Abs plastic is toxic
As man does not live by news alone, we have decided to incorporate to our publication a line of more technical articles, perhaps somewhat cumbersome for those who only seek general information about 3D printing, but certainly very practical for those who are already immersed in this world and seek to deepen to another level.
To start this new line of articles, nothing better than talking about the liquid element, the ABS, and is that much of the 3d printers, almost all home or semi-professional use, use this printing material.
ABS is considered an amorphous thermoplastic.
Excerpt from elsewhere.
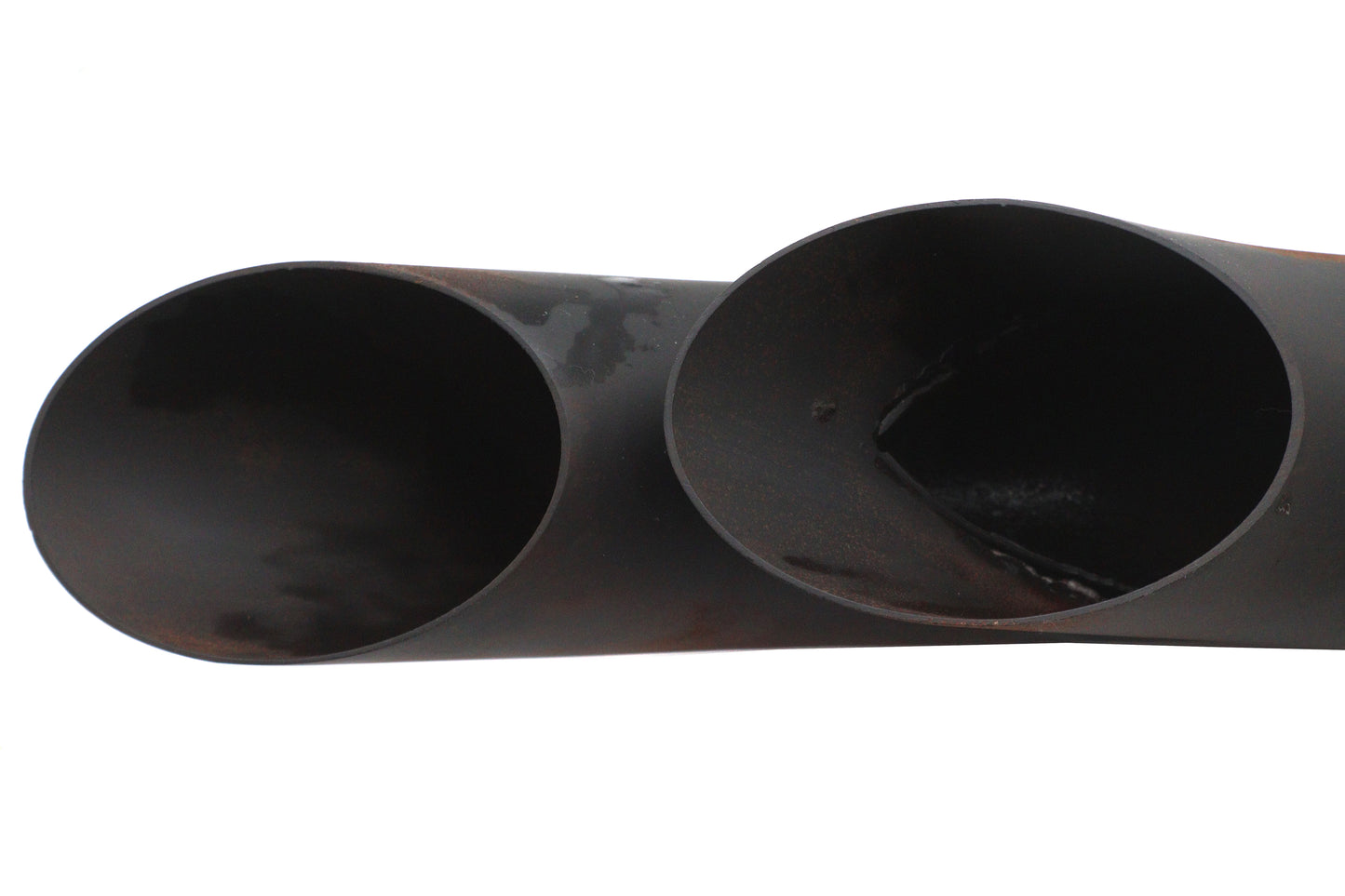 Wyatt Gatling Afterburner Exhaust System Black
A thermoplastic is a plastic that, when exposed to relatively high temperatures, becomes deformable or flexible and even melts, while when sufficiently cooled, it hardens.
Each of the three building blocks provides different characteristics. Acrolonitrile provides rigidity, resistance to chemical attack, hardness and stability at high temperatures. Butadiene, toughness at particularly low temperatures and impact resistance; and styrene, mechanical strength, stiffness, gloss, hardness.
How to recycle abs plastic
At rest the temperature it reads makes sense, 20-22 degrees. I have tried with the default 230 degrees for ABS and the motor would stall when turning or file the plastic but I couldn’t get any more in. I have taken the whole hot end apart. I see that the plastic base where the extruder is mounted has no obstruction. In the hot end I see that there is a short metal tube that connects the square with the heating element and the area to dissipate heat. I noticed that the plastic went in well until it collided with the connecting tube, which is narrower than the ABS. I understand that that area has to be so hot that it would have to enter as liquid through that tube into the nozzle. I have tried +300 degrees (I had to modify the maximum temperature in the Marlin) and nothing. I did see that the coupling of the fan to the hot end was smoking, then when I removed the plastic I could see that it was hot but nothing else. Then I put it close to the heating element and there, LITTLE BY LITTLE, it softened and melted. I do not think that this is capable of generating the molten plastic that is needed to print a part (I say this from ignorance).
Plastic abs environmental impact
The melting process involves an increase in the heat of the polymer, which results from the increase in temperature and friction between the barrel and the screw. Friction and shear stresses are basic to efficient melting, since polymers are not good conductors of heat. An increase in temperature decreases the viscosity of the molten polymer; the same happens with increasing shear rate. Therefore, both parameters must be adjusted during the process. There are also standard metals for each polymer to avoid corrosion or degradation. With a few exceptions – such as PVC – most plastics can be used on the same machines.
If we have a piece obtained from a mold, a perfect cube of 1 cm3, i.e., its dimensions are 10 mm by 10 mm x 10 mm made of ABS, it will weigh 1.05 grams given the density of the material at 23 degrees (1.05g/cm3).
We thus have in the crucible 1.14 cm3 of ABS polymer. Let us imagine that we have the steel mold with a cavity of 1 cm3 with which the cube that we have melted was made, that is, 10x 10x 10 mm and we have to introduce the material that we have melted in the crucible that, when it was in solid state, was 1 cm3 of material and formed a perfect cube of 1 cm of side, pouring the melted material into the mold by gravity.
To introduce this material into the mold, by gravity, we must wait for the material introduced into the mold to cool down so that it leaves space due to the volumetric contraction that will occur when the molecules are rearranged. In order to be able to pour more molten material, little by little we will be able to introduce the molten material that occupies 1.14 cm3 in the space of the mold that has a volume of 1cm3.Figure 1.